Gilles Renault, Libération :

– « Un certain malaise nimbe l’exposition «les Parisiens sous l’Occupation». Présentée à la Bibliothèque historique de la ville de Paris, elle dépend de la direction des affaires culturelles de la mairie et donc du premier adjoint à la Culture, Christophe Girard. Qui, interrogé, n’y va pas par quatre chemins : «J’ai découvert cette exposition le jour de son inauguration et j’ai été gêné par son ambiguïté au point que je ne m’y suis pas attardé trop longtemps. D’abord en raison de son intitulé. J’aurais préféré « Des Parisiens sous l’Occupation » ou mieux encore, « Sous l’Occupation ». Mais c’est la liberté absolue du conservateur de la Bibliothèque historique, Jean Dérens, de choisir un titre, un thème d’exposition et un commissaire pour superviser sa réalisation. Mais, encore une fois, je trouve cette exposition mal accompagnée.»

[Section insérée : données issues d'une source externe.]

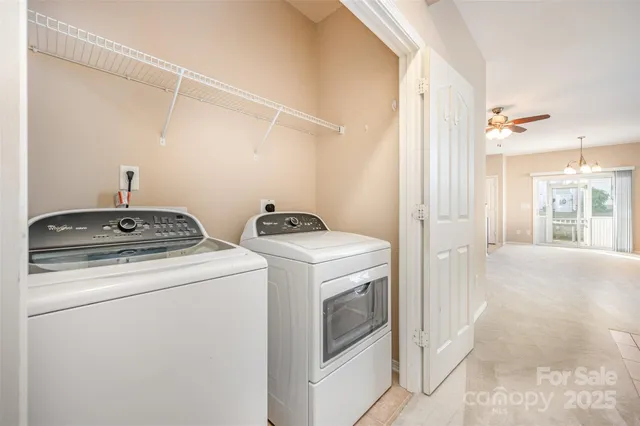 a view of storage and utility room with washer and dryer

Pour remédier à ce défaut, la mairie de Paris a fait imprimer (…) un avertissement, donné avec chaque billet d’entrée, qui rappelle, entre autres, qu’André Zucca, auteur des photographies présentées, fut embauché par le magazine nazi Signal et qu’il a choisi «un regard qui ne montre rien, ou si peu, de la réalité de l’Occupation et de ses aspects dramatiques». » (8 avril)

Le 18 avril, les affiches annonçant cette exposition plus que douteuse dans sa présentation, sont retirées des murs de Paris.